Leonard Grobien sitzt auf der rechten Bühnenseite in seinem Rollstuhl auf einem weißen, leicht erhöhten Podest, zu welchem links und rechts zwei Rampen führen. Über ihm hängt eine Lampeninstallation aus fünf Leuchtröhren. Auf der rechten Bühnenseite bewegen Florentine Krafft und Katharina Halus eine Schaumstoffpuppe in schwebenden Bewegungen durch eine Nebelwolke. Die Bühne ist in blauem Licht erleuchtet.
Leonard Grobien (re) imaginiert eine vielstimmige Zukunft, Foto: Holger Rudolph

Abstimmungsergebnis.

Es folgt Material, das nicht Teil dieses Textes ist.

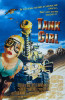 Tank Girl Movie Poster Print (11 x 17) - Item # MOVED4787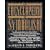 The Encyclopedia of Symbolism (Creative Breakthroughs Book)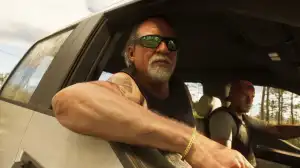 GTA 6 Netflix Showcase Length Revealed, Runs 26 Minutes on PS5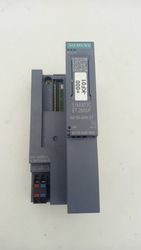 71163_2.jpg 71163_2.jpg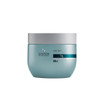 Purify Mask 400ml System Professional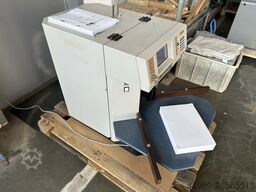 Vacuumatic Vicount E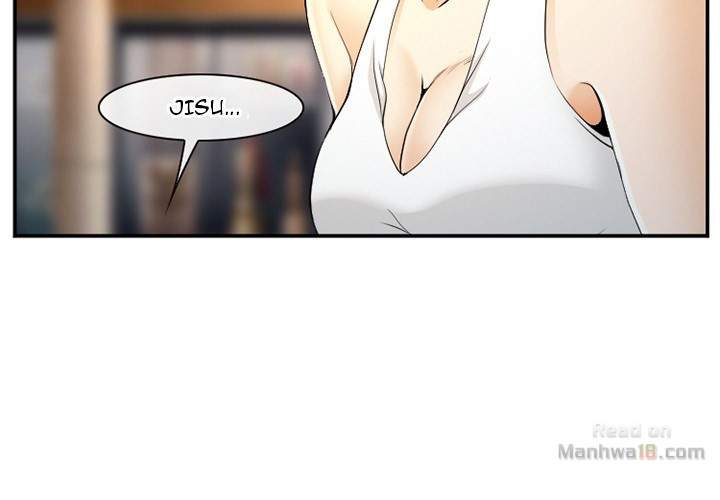 Dating Contract chapter 64 page 4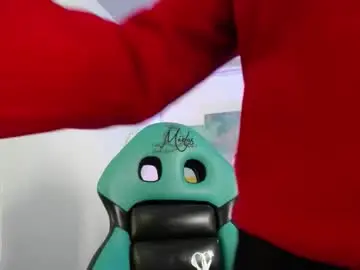 Chaturbate Private Sex Chat of violetta_m_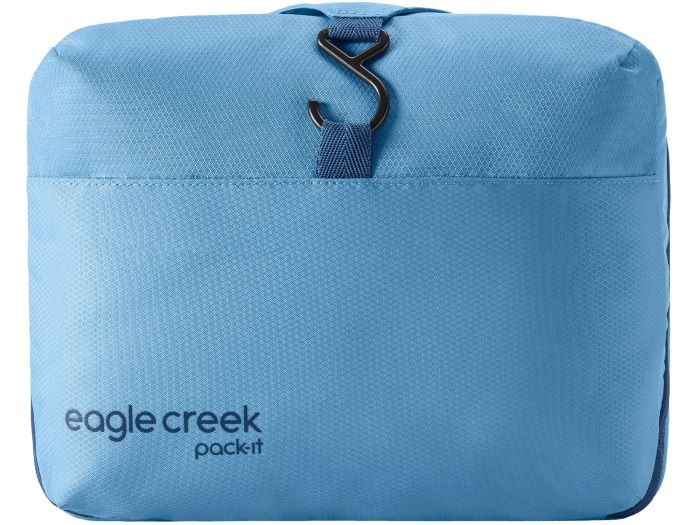 Eagle Creek Reveal Toiletry Kit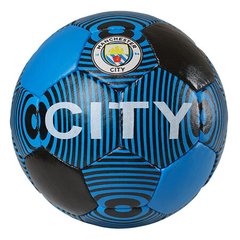 Мяч ик для футбола Grippy G-14 Manchester City GR4-427MU/1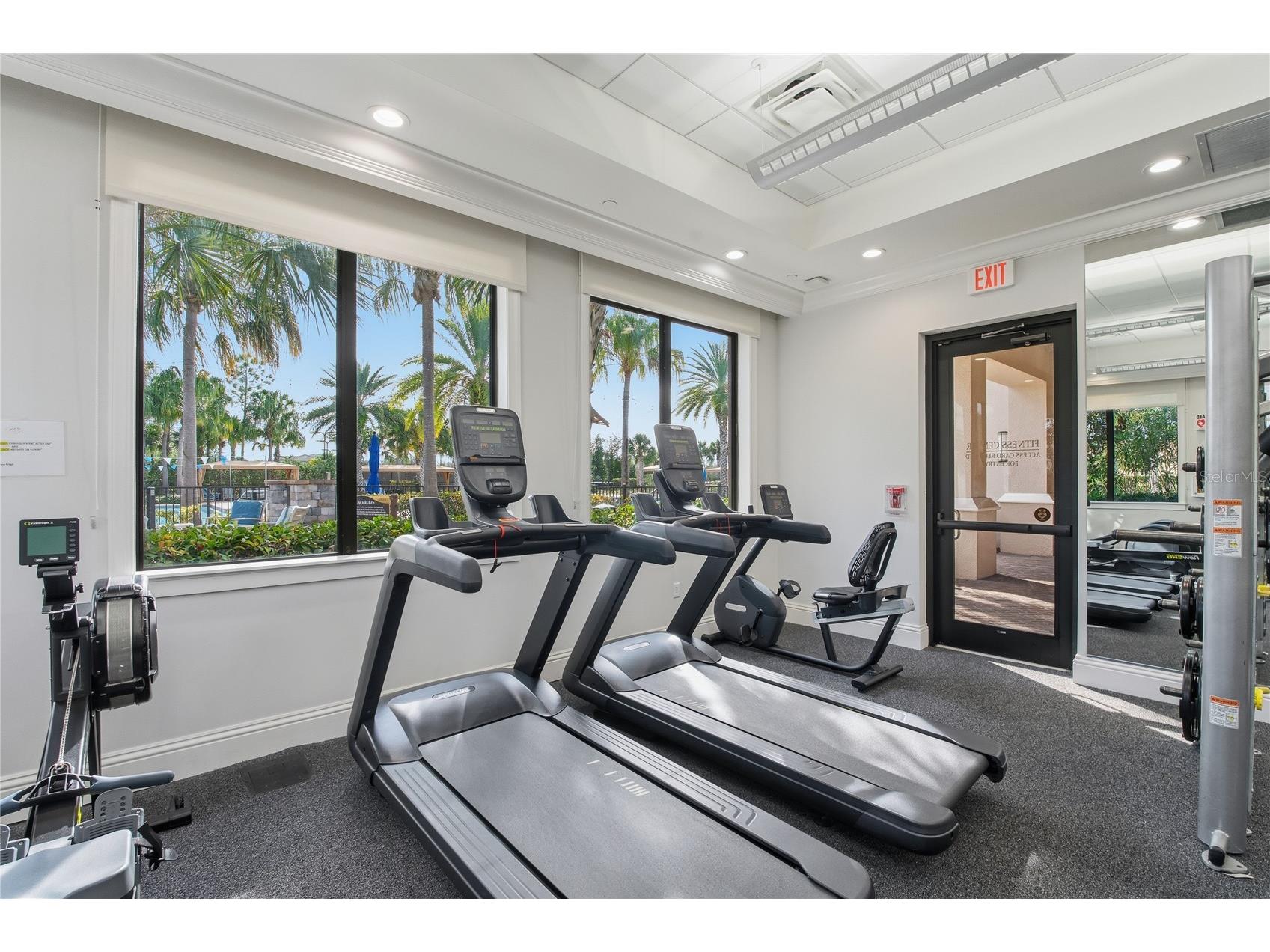 30588 Chesapeake Bay Drive Wesley Chapel FL 33543 TB8491744 image72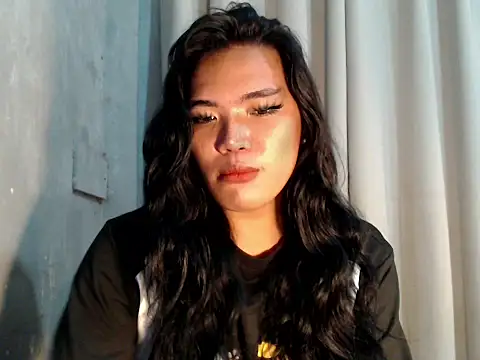 Royalty marcela6969 online show from 07/21/26, 10:12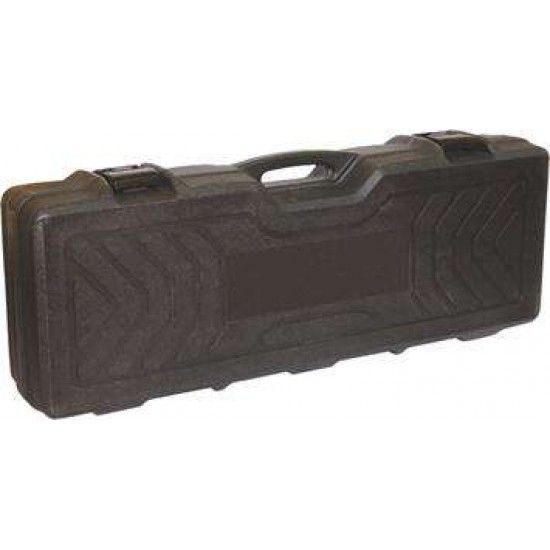 Mq. cortar azulejo c/ rol. MacFer 540910-600BMC 600mm ref 006.0016 MACFER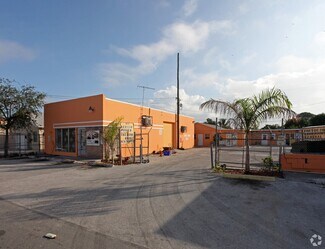 Plus de détails pour 341 SE 2nd Ave, Delray Beach, FL - Commerce de détail à vendre
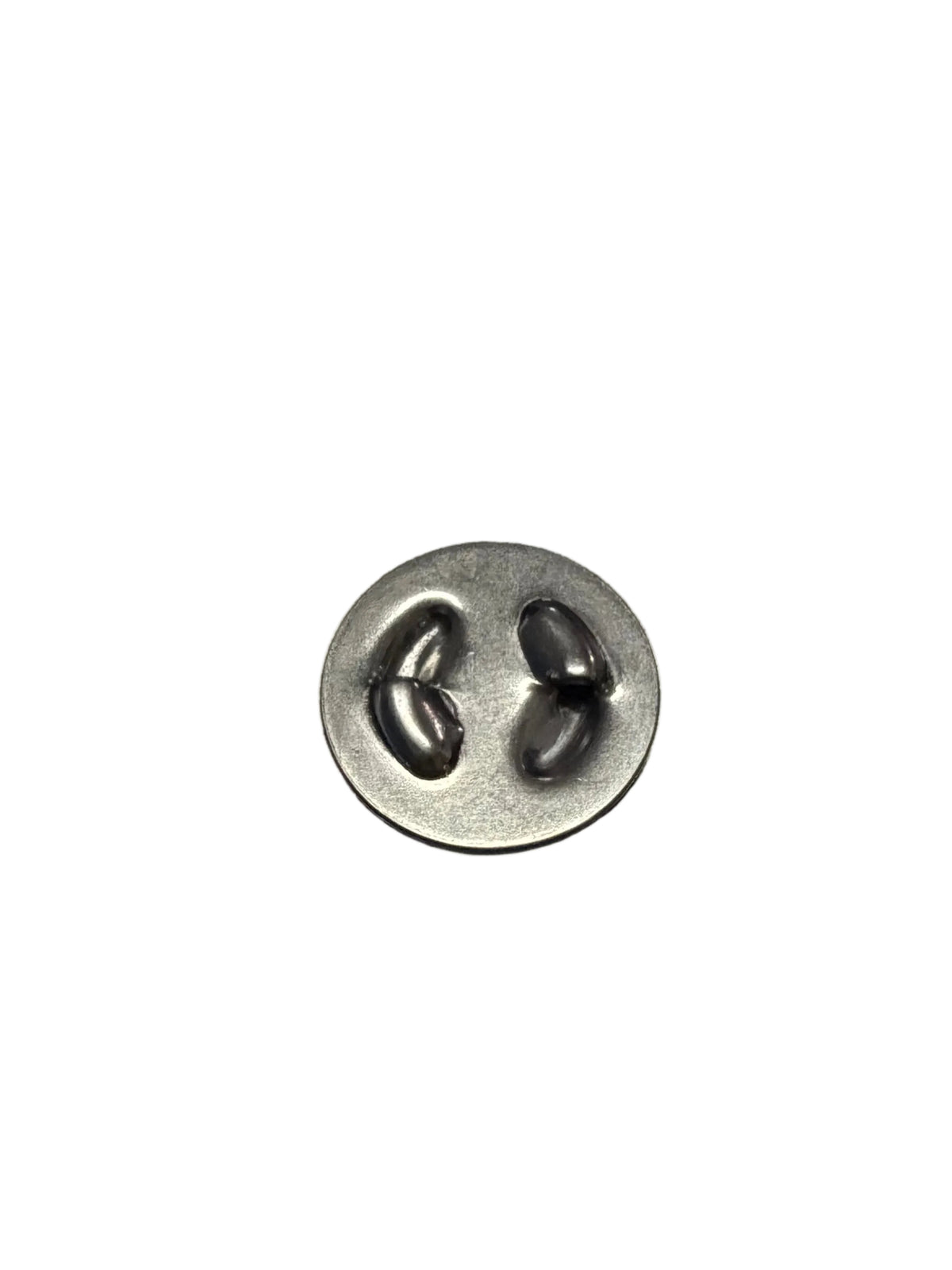 Albuz 17mm SS Swirl Plate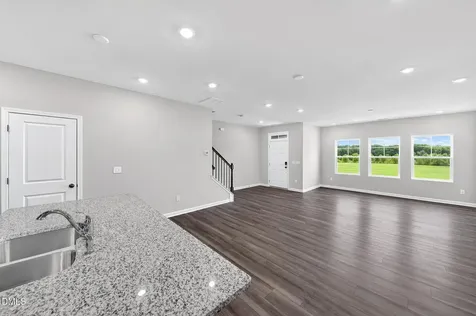 306 Marmalade Sky Lane Wake Forest NC 27587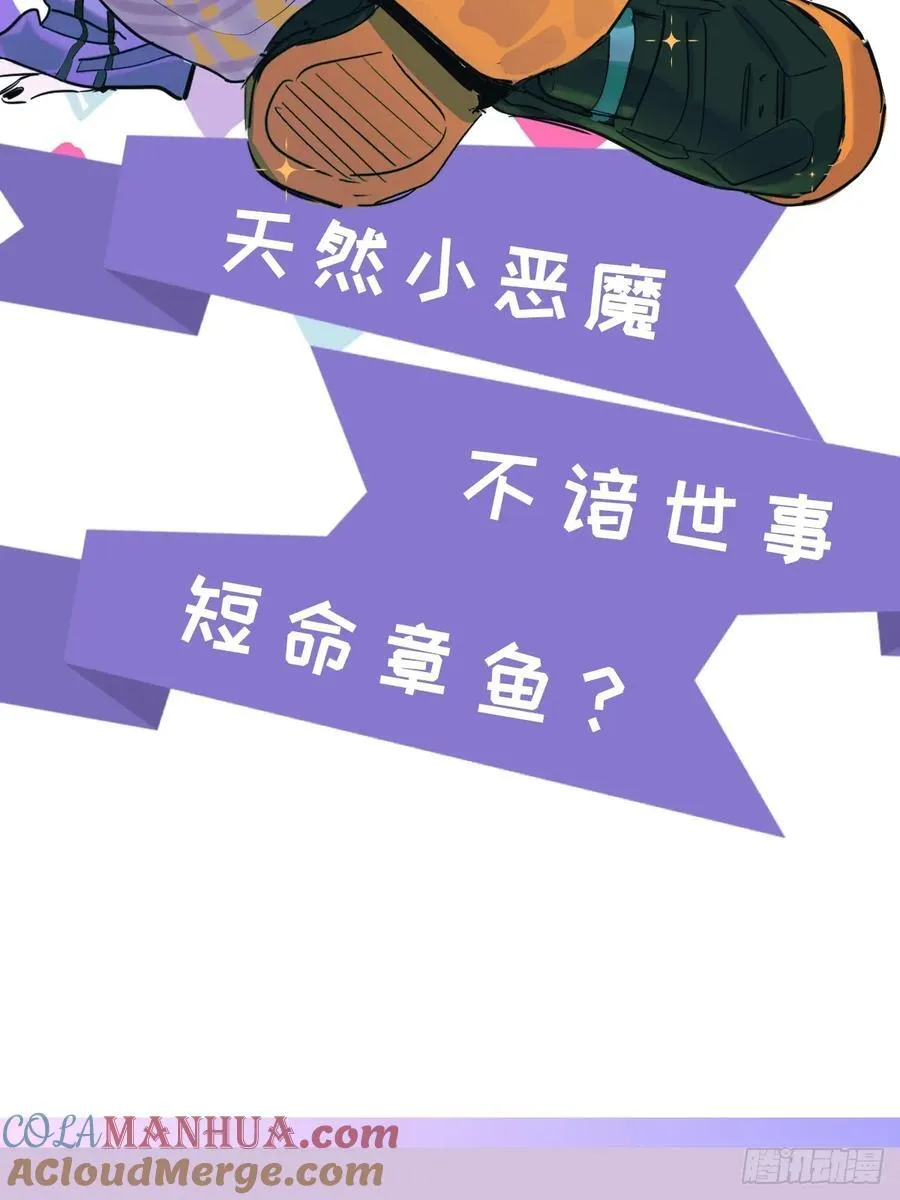 先行预告6
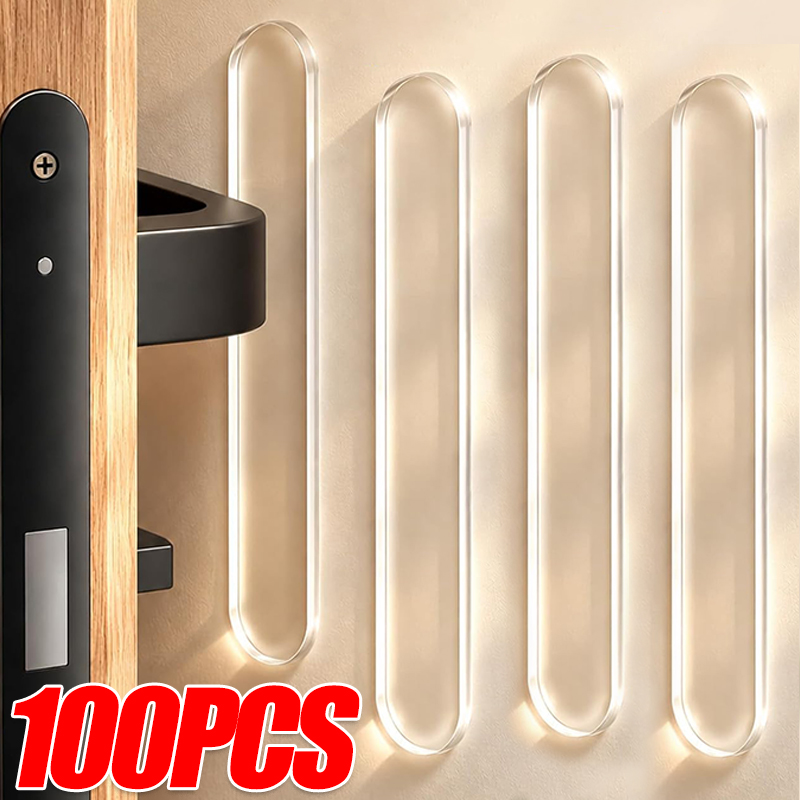 แผ่นกันกระแทกซิลิโคนสำหรับตู้  - Furniture Hardware Manufacturer บทวิจารณ์และราคา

War das eine gute Geschichte?    

Das von dem Bruder gewünschte gute Ende wird an diesem Abend nicht auserzählt. Sein Wunsch, viele Stimmen zu haben und diese erheben (und auch mal gezielt an die Schwester delegieren) zu können, schon. Mir hat das vielstimmige Kammerspiel einmal mehr bewusst gemacht, wie Stimmen und Repräsentationsverhältnisse unsere Wirklichkeit hervorbringen und welche Möglichkeiten durch gegenseitiges Zuhören, Sprechen und Sprechen lassen möglich werden. Ich stimme den Geschwistern zu – das ist eine gute Geschichte!